“What the fuck are you doing?”
“God damn it.”
“Fucking A Spaulding…”
Those words roll off my tongue with an alacrity I didn’t know I had. I didn’t know that is until I started buying power tools instead of ropes and sanding blocks instead of carabiners. I didn’t know it existed until I started wiring circuits instead of rock climbing and buying houses instead of going to Patagonia. What the fuck Spaulding, stick with what you know.
I think he attributed it to the legendary Bob Villa, but I remember my uncle George once saying “measure twice, cut once.” Well that is all well and good when you are good, but I measure six times and cut four. No matter what I think I am doing, or how proficient I think I have become, I always seem to forget some detail. “Well shit, that sure ain’t level” has been spat through my lips more than once. Fool me once, shame on you. Fool me twice, shame on me. “God damn it, Spaulding, you sure fucked that one up” I say to the ghost of my father that haunts all the miscuts I make and all the nails I can’t pound straight.
And it happens again and again.
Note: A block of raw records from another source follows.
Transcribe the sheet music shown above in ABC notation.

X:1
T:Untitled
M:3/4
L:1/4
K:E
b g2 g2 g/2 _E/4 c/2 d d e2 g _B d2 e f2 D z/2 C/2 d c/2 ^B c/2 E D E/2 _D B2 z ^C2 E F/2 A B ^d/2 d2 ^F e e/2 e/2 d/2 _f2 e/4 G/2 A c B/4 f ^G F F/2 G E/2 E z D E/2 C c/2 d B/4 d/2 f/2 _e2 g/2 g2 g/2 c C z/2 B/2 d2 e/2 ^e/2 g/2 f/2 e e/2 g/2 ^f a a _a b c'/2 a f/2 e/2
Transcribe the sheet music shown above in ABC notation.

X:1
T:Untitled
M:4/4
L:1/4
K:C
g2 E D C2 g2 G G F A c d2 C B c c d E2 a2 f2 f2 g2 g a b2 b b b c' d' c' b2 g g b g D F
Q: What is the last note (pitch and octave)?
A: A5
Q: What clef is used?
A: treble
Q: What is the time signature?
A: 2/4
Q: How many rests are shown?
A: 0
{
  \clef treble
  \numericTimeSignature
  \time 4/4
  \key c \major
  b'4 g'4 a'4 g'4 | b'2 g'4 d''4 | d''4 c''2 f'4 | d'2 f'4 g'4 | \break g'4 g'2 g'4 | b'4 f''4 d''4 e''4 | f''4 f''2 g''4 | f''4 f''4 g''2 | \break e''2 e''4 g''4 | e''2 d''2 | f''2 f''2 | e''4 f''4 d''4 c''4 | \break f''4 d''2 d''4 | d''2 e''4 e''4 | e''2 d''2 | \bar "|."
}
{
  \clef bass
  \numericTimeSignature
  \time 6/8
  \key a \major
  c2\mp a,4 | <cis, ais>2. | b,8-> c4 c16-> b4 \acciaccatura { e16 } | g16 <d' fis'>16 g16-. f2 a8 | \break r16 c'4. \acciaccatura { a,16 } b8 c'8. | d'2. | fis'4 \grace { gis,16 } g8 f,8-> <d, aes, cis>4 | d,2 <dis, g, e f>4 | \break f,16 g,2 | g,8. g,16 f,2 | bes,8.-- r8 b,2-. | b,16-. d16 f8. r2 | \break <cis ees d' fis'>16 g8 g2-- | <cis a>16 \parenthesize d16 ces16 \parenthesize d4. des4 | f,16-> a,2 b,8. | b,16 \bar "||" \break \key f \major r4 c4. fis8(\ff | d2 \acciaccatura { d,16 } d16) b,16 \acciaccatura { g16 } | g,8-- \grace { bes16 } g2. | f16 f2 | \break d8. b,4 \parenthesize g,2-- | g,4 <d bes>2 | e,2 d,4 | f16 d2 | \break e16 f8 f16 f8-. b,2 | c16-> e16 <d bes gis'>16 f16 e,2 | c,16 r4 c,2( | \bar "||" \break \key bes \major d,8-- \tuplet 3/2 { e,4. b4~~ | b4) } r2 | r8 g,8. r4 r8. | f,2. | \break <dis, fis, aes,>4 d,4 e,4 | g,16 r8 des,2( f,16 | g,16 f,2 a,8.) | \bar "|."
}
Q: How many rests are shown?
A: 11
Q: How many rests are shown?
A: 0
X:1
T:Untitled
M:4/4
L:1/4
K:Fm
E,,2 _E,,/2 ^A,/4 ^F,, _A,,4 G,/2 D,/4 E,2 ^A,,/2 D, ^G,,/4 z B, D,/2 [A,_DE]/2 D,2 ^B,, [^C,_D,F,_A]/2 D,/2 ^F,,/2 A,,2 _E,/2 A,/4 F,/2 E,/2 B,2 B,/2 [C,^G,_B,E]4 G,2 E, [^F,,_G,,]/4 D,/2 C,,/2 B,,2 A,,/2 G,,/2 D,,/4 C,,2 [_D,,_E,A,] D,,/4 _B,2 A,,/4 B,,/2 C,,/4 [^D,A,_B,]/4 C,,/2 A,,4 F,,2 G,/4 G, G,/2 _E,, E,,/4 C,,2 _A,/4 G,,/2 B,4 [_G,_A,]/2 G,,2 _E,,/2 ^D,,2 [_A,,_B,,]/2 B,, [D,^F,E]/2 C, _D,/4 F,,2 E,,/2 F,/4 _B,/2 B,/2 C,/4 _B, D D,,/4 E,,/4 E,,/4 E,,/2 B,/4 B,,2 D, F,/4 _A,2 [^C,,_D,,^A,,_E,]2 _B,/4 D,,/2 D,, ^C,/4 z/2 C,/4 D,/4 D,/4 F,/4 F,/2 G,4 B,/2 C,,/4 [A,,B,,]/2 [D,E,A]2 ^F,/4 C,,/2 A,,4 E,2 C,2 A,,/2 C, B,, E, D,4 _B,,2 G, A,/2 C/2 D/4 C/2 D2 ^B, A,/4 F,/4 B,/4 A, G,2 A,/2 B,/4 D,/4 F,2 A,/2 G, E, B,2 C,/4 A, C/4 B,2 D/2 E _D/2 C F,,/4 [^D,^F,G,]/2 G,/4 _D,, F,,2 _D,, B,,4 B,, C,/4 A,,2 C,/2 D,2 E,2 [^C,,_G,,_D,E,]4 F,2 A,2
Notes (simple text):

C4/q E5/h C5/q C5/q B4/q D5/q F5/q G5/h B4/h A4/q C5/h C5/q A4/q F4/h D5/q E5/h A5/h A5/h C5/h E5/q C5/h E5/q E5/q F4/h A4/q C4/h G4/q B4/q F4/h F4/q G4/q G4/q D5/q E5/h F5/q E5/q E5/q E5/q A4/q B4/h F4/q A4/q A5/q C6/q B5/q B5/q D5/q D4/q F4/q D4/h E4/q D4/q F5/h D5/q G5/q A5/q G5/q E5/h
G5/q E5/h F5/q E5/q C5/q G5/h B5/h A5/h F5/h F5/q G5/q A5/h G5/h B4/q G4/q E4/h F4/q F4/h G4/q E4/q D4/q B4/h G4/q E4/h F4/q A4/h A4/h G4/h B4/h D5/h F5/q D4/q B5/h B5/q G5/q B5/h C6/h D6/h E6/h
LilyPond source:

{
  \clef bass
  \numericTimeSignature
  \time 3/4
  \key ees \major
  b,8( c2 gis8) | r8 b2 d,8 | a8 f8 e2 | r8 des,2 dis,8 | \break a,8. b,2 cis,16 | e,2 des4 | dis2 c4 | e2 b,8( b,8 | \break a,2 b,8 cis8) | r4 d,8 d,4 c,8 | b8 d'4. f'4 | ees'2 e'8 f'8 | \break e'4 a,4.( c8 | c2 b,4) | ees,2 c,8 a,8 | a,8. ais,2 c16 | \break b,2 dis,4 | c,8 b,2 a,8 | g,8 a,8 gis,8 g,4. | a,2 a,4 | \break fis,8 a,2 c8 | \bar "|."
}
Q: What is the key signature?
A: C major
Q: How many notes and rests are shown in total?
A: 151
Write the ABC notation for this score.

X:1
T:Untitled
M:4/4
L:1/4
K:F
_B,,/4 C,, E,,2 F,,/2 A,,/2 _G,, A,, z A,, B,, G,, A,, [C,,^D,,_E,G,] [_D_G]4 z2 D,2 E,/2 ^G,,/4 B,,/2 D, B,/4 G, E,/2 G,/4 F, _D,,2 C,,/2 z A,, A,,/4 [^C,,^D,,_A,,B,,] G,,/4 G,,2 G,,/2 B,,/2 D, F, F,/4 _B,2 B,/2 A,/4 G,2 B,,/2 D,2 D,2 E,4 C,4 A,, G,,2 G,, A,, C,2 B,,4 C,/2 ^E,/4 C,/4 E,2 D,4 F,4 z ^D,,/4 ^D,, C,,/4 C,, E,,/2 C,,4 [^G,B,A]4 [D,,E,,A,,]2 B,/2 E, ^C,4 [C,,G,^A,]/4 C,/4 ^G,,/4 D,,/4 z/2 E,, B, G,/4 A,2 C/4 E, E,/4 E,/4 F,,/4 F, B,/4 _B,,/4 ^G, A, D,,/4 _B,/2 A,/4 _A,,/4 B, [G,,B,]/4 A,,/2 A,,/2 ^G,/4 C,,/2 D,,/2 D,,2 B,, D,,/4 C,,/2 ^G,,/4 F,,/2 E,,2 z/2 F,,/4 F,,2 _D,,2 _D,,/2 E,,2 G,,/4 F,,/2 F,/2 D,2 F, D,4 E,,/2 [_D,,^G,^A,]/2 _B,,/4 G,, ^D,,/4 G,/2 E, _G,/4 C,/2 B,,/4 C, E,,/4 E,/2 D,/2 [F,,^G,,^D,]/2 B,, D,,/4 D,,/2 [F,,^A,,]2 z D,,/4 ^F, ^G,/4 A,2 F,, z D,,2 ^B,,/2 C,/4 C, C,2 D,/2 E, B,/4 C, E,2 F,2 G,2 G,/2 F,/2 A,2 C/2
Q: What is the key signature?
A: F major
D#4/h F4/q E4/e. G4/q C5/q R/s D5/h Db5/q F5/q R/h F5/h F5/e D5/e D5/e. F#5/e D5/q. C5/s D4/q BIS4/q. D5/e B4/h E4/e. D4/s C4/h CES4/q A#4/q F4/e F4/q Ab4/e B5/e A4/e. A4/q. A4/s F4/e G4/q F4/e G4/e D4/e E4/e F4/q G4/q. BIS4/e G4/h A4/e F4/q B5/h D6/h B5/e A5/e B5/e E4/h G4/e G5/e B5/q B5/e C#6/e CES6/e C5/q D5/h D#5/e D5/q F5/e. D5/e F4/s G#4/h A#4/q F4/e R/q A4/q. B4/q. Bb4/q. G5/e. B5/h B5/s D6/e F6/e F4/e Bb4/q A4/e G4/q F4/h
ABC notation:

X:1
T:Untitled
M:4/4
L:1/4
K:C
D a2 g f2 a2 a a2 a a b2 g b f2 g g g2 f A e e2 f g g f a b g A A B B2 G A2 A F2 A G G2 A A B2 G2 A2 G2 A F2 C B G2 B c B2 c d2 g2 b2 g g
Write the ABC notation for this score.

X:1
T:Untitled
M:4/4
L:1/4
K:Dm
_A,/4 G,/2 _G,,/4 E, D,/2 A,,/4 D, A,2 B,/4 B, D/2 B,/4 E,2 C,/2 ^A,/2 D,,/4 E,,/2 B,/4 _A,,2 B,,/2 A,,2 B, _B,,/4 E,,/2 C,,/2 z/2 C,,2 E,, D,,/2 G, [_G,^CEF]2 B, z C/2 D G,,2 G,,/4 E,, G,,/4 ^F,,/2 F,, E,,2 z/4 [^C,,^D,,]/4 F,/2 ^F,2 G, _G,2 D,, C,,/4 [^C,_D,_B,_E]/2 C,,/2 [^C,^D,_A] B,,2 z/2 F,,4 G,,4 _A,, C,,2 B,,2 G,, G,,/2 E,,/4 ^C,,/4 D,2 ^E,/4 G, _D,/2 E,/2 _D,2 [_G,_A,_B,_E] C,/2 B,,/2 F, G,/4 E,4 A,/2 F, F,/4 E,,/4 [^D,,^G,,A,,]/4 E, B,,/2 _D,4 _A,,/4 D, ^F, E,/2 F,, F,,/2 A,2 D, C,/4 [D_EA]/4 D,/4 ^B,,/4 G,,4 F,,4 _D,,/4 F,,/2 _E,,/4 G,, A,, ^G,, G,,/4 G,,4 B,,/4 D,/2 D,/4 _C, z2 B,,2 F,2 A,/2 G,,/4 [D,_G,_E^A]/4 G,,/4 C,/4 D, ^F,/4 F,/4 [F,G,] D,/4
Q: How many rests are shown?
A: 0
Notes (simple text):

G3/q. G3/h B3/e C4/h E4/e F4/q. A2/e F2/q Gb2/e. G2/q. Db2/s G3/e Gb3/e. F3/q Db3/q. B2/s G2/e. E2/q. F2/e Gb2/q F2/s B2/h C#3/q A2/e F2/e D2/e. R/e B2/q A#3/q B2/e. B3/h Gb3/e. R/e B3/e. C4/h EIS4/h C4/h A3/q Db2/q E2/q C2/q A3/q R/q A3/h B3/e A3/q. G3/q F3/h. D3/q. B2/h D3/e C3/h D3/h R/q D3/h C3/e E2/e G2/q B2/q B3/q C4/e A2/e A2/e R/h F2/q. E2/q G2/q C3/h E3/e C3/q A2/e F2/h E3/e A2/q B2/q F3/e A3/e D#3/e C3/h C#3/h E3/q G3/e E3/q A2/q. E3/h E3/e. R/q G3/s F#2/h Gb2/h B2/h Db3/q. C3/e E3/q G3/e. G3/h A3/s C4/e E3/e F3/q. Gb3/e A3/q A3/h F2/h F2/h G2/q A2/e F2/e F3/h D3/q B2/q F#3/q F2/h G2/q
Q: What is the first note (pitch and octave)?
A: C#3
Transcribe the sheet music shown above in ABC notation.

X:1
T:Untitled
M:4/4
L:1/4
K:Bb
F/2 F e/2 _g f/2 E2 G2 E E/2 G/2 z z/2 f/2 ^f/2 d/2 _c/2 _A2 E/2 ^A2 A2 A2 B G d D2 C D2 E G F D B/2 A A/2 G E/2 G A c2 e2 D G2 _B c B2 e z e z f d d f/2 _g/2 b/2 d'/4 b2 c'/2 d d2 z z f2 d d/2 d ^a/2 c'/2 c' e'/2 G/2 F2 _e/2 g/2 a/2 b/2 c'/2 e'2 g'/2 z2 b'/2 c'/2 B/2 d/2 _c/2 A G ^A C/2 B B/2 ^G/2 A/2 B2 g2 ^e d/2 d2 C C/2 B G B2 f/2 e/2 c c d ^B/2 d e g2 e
I pick up the hammer and bend the nail, I miss measure the hole I am drilling, I pound the nail without forethought. I have pried out over half the nails I have pounded in. Over and over.
Somewhere on a mountain, several thousand miles and several lifetimes away, my partner and I top out at sunset. We share the requisite high five before turning and inching our way downward. Before long we are tossing our ropes into fading headlamp beams and watching a light snow begin to fall. We are tired, there hasn’t been much sleep, but we push on, one rappel after another, deeper into the darkness, deeper into the unknown, deeper into a snow squall. Just above our knots, we swing back and forth, scraping, peering, kicking at the darkness till it produces some sort of tat. We clip in and do it over again. There is no room for error. But it is rote, we are on autopilot. We have never been there, but we know. We are competent and we know what to do. There are no miscuts, no bent nails (well, save that I left our breakfast rations in town…)
The books lay open on my lap. Renovations 4th Edition, Black & Decker Complete Guide to Wiring, 6th Edition, Home Depot 1-2-3. They all show some sort of set-up, some sort of circuit, or some sort of process. I read them again and again. I take out my pencil and the hours tick away. I draw a schematic, then I draw a picture of the kitchen with the wall taken out. I sit. I plan. I think it through. There is no rote memorization here. Deliberateness and intentionality rule, though even in the best of times, they don’t always let me get it right. In this moment, I am a novice. I am by myself, with only me, someone learning, someone wholly used to being an expert. Someone used to teaching novices something I could do with my eyes closed, whether that was the technical skills of rock climbing or the more necessary skills of being a human being. For the past twenty years I have honed a craft of rock climbing, being in the mountains, feeling mostly competent, though not always confident. I put in the 10,000 hours requisite for mastery. Rarely did I push myself in any other direction. It was life, it was passion, and it was good.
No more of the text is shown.